Tuesday, April 17, 2012

The Act of Attention

Vladmir Nabokov, and a pencilOne my absolute favorite fiction writers is Vladimir Nabokov (1899-1977), author of Pale Fire, Lolita, The Defense, 14 other novels (in both Russian and English), a ton of essays and short stories, an incredible memoir titled Speak, Memory, and many lectures on literature, too.

I’ve written here about Nabokov before, including in a post titled “Poker ‘Reality’” where I talked a little about a parenthetical point he once made that the word “reality” is “one of the few words which mean nothing without quotes.” As the title implies, the post takes a stab at applying Nabokov’s point about the subjective nature of “reality” to poker.

I found myself hunting down another quote from Nabokov this morning -- the reason for which I’ll probably reveal in a post later in the week -- and had a kind of mini-revelation while doing so. It has been a long time since I read all of those novels and stories. And truthfully, now that I think about it, I was probably much too young to understand them much at all when I did.

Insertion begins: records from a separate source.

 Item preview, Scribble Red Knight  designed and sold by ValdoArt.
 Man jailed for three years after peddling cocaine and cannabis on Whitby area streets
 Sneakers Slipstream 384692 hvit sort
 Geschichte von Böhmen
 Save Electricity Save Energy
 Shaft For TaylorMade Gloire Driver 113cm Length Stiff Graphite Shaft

That got me thinking about other writers I once studied in earnest, and how it’s similarly the case that when I read them I also was much younger, much less experienced, and much less equipped to respond to their messages. To their art.

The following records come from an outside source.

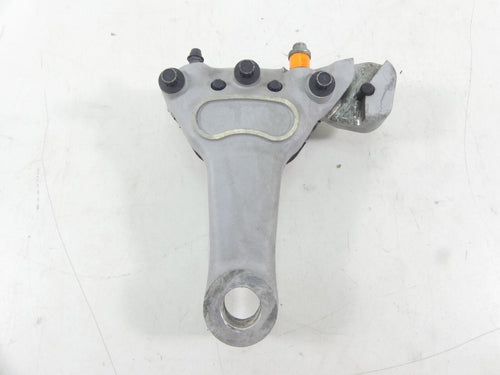 2006 Harley Touring FLHCU SE CVO Rear Brake Caliper With Bracket  44423-02C | Mototech271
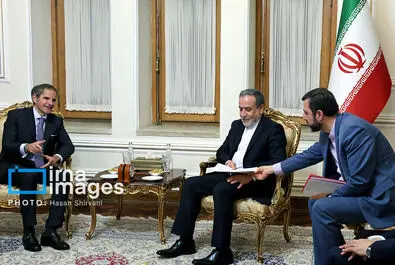 گروسی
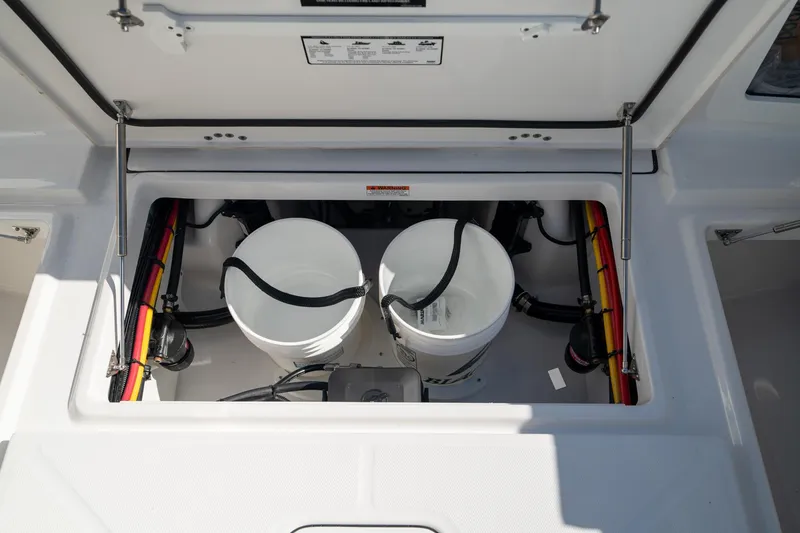 Slide: The Image of Blackfin 302 DC 2024 - 22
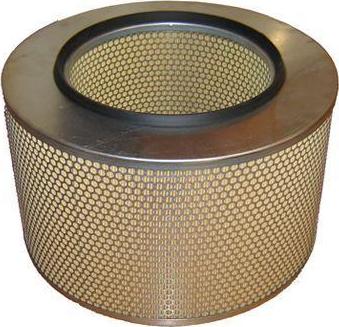 Mann-Filter 93160E - Въздушен филтър vvparts.bg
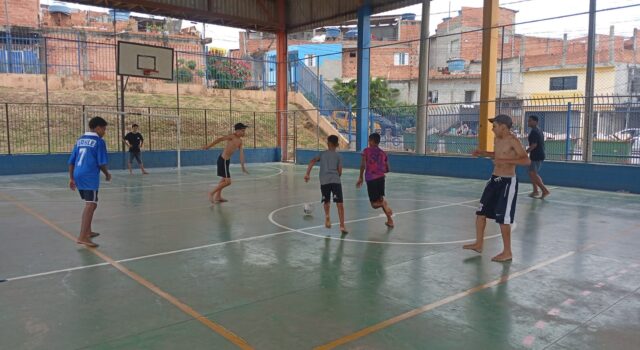 Futsal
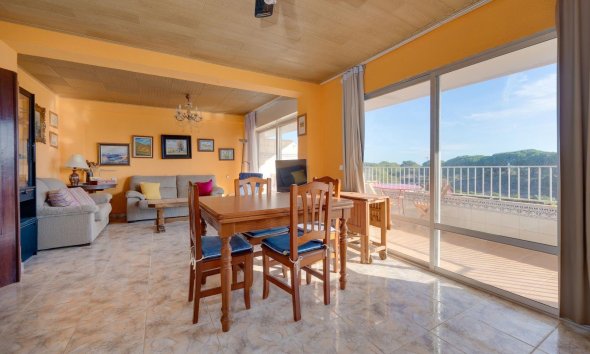 Reventa - Apartment -
Guardamar del Segura - Pinomar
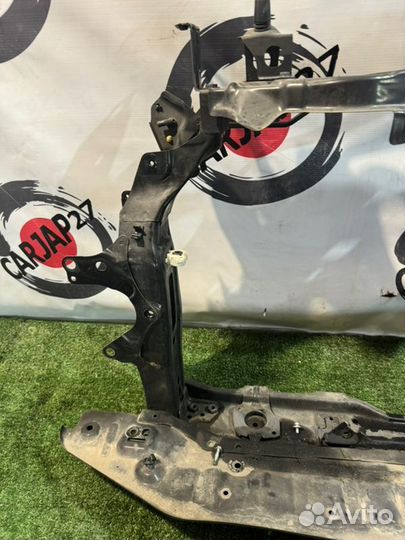 Телевизор Honda Freed GB5 L15B 2017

You recognize what I’m referring to, I’m sure. Think of reading Hamlet in high school. Were you really ready to understand the prince’s plight? Maybe you read it later, as a young adult perhaps closer in age to the protagonist. Your ideas about his situation and struggle were better informed then, your responses more thoughtful.

But now you know even more. Now you’d recognize still more angles to consider, more ways to judge the young Dane. You’d see more, including all that you glossed over before as not immediately apparent. And if you read it tomorrow you would realize what you had missed today. And so on.

When I think of Nabokov’s books I think of an artist crafting jaw-droppingly clever, stunningly elaborate worlds out of the smallest details imaginable. Sticking out is the memory of a lengthy description of a pencil, an outrageous digression in Transparent Things (one of his last novels). I’m pulling the book off my shelf right now to find the passage...

Ah, there it is. Hugh Person, the main character, opens a desk drawer and the pencil spills out.

“It was not a hexagonal beauty of Virginia juniper or African cedar, with the maker’s name imprinted in silver foil, but a very plain, round, technically faceless old pencil of cheap pine, dyed a dingy lilac. It had been mislaid ten years ago by a carpenter who had not finished examining, let alone fixing, the old desk, having gone away for a tool that he never found. Now comes the act of attention.”

'Transparent Things' (1972) by Vladimir NabokovWow... I am seeing how the history of the pencil and the description continue for a couple of pages, taking up the entire short chapter. A chronicle of Hugh Person’s act of attention. I’d forgotten.

Details escape us. And even when they don’t, we often miss how they relate to everything else. How they mean. Think about all those hands of poker you played, and all that you missed while playing them. And all you’d see now, if you could play them all again. If you could reread.

It’s a short novel. I think I’ll reread it right now. You know, to see what I missed.